Prepare Miso Sauce: Mix white miso, sake, mirin, soy sauce, water, kombu (or MSG), and 1/4 tsp cornstarch until smooth.
Prepare Vegetables: Cut cabbage (thick part) and green onion into bite-sized pieces.
Prepare Chicken: Mix chicken breast with 1 pinch salt, 1/2 tsp cornstarch, and 1 tbsp water. Stir until water is absorbed (about 30-40 seconds). This keeps chicken moist.
Make Garlic Paste: Mix garlic and toban djan (chilli bean sauce) to form a paste.
Cook Chicken: Heat 1/2 tsp neutral oil in a pan over medium heat. Add chicken and cook until lightly browned on one side, about 10-15 seconds on the other side. Avoid over-browning to keep chicken moist.
Cook Vegetables: Add 1/2 tsp neutral oil to the pan. Add cabbage and green onion with 1 pinch salt. Hold the pan steady on the flame without shaking to keep heat even.
Add Water and Stir-Fry: Add about 1.5 tbsp water to help cook vegetables and scrape up flavorful bits from the pan bottom.
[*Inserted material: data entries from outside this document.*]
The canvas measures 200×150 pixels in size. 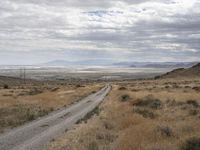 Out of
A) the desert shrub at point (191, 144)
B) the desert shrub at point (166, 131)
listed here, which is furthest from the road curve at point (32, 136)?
the desert shrub at point (191, 144)

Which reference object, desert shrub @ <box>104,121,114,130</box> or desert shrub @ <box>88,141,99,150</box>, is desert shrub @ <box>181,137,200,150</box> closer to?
desert shrub @ <box>88,141,99,150</box>

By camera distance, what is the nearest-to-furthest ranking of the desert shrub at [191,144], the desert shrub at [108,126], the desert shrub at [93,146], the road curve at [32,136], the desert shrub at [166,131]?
1. the desert shrub at [191,144]
2. the desert shrub at [93,146]
3. the road curve at [32,136]
4. the desert shrub at [166,131]
5. the desert shrub at [108,126]

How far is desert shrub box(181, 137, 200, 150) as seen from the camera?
1326 centimetres

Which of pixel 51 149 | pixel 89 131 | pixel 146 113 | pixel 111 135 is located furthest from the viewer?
pixel 146 113

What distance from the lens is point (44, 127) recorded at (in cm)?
2336

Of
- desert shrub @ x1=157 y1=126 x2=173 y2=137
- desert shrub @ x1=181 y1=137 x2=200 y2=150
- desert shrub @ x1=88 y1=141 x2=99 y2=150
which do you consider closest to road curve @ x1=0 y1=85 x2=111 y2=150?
desert shrub @ x1=88 y1=141 x2=99 y2=150

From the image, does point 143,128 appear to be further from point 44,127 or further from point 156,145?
point 44,127

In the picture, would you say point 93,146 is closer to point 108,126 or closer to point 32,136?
point 32,136

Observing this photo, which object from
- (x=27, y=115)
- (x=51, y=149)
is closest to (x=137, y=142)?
(x=51, y=149)

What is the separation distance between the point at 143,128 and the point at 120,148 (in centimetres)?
470

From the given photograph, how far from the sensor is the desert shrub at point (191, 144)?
13258 mm

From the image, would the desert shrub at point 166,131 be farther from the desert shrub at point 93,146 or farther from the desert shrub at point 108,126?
the desert shrub at point 108,126

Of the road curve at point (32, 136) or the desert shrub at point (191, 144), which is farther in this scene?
the road curve at point (32, 136)

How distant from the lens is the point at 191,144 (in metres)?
13.7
Cook for 20-30 seconds. Avoid adding too much water to prevent watery stir-fry.
Add Miso Sauce and Garlic Paste: Add the prepared miso sauce and garlic paste to the pan. Stir and cook for about 1 minute until sauce lightly boils and aroma develops. Ensure no water leaks to keep umami packed.
Serve: Serve the chicken and vegetable stir-fry over cooked rice.